Ian Fleming’s James Bond presents the spy as an action hero. His enemies, whether a criminal mastermind, rogue organisation, or foreign agent, are always outside the system. Bond’s independence clashes with bureaucracy, but through a mix of daring, judgment, and luck, he always manages to come out on top.
In contrast, John le Carré’s novels depict an intelligence service, designed to uphold a set of principles, that becomes a machine that erodes them.
The hero is not a dashing figure but a weary, melancholic, intellectual, and clinical bureaucrat who has spent many years working to keep his humanity intact while engaging in the dehumanising logic of the bureaucratic system within a decaying institution.
The hero is not an infallible ideal but an ambiguous, doubt-filled figure who endures more than he wins. He is someone who constantly compromises with his own organisation, causing him to question the worth of his ‘wins’. He is a bureaucrat struggling to find meaning in his work.
The enemy is not easily recognised; instead, it lies in conspiracy, politics, and compromise within his own institutions. A sense of rootlessness and uncertainty plagues these Cold War heroes. The erosion of purpose leads to a focus on method rather than meaning.

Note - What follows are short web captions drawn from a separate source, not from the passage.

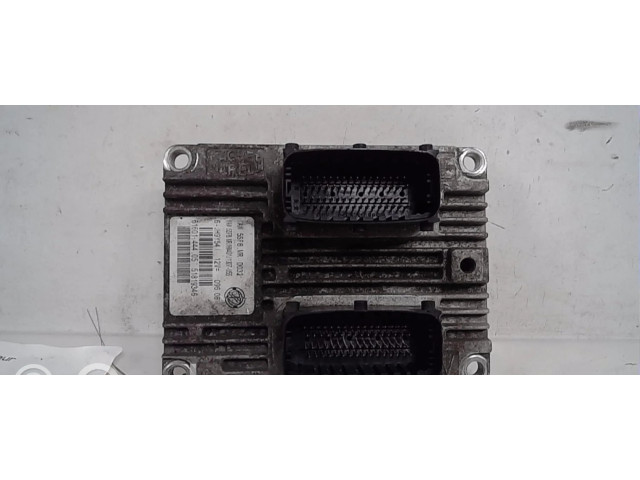 Блок управления двигателя 51819349   Fiat 500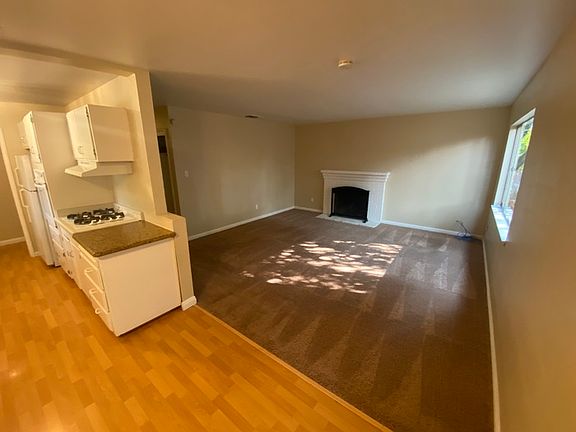 5th image of 6904 Pin Oak Ct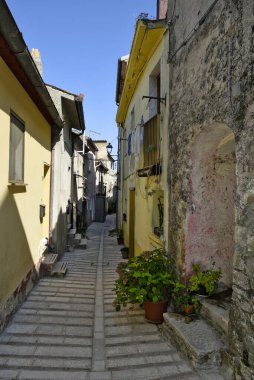 Baselice 'de küçük bir caddeye yakın çekim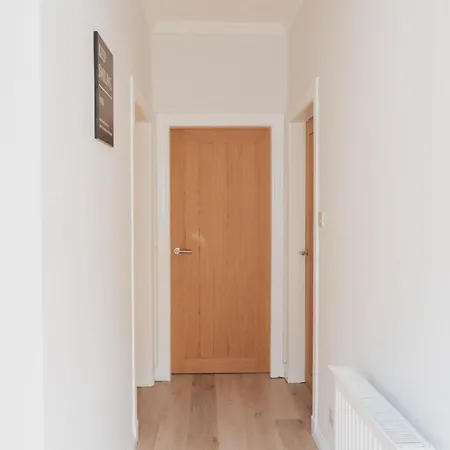 Stylish 3br Near Hampden No 29 With Free Parking Glasgow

One such hero, George Smiley, notes that his colleagues simply saw a major intelligence coup as a “…victory of technique. Nothing more … just another skilful bit of tradecraft in a long and delicate poker game.”

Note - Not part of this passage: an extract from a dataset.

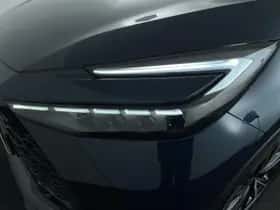 Toyota C-HR (2025) thumbnail 9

Kafka revealed the absurdity of the system, and Cold War spy novelists showed how bureaucratic compromise wears people down, where craftsmanship becomes valued for its own sake.
‘Nugget’ Coombs and Joseph Irwin found that these bleak fictional portrayals of bureaucracy were not just fictional.
The inner life of the bureaucrat
A strange tension exists between purpose and rules, between care and compliance, and between human judgment and algorithmic decision-making that public servants face daily. They are asked to innovate but are also responsible for following the rules.
Navigating bureaucracy is like wandering through a paper labyrinth where every exit sign points back inside.
Reform, whether through revolution or evolution, cannot rely solely on reorganisation or digitisation. It stems from influencing the system in ways that unlock human potential.
We could do worse than adopting Dr Coombs’ closing remarks at his National Press Club speech.
“It has been said that within every fat man there is a lean one struggling to be free. I believe that within the Australian bureaucracy there are men and women of dedication and capacity struggling for a chance to serve governments and community more effectively. If our report frees them even in part for those tasks, we will have been amply rewarded.”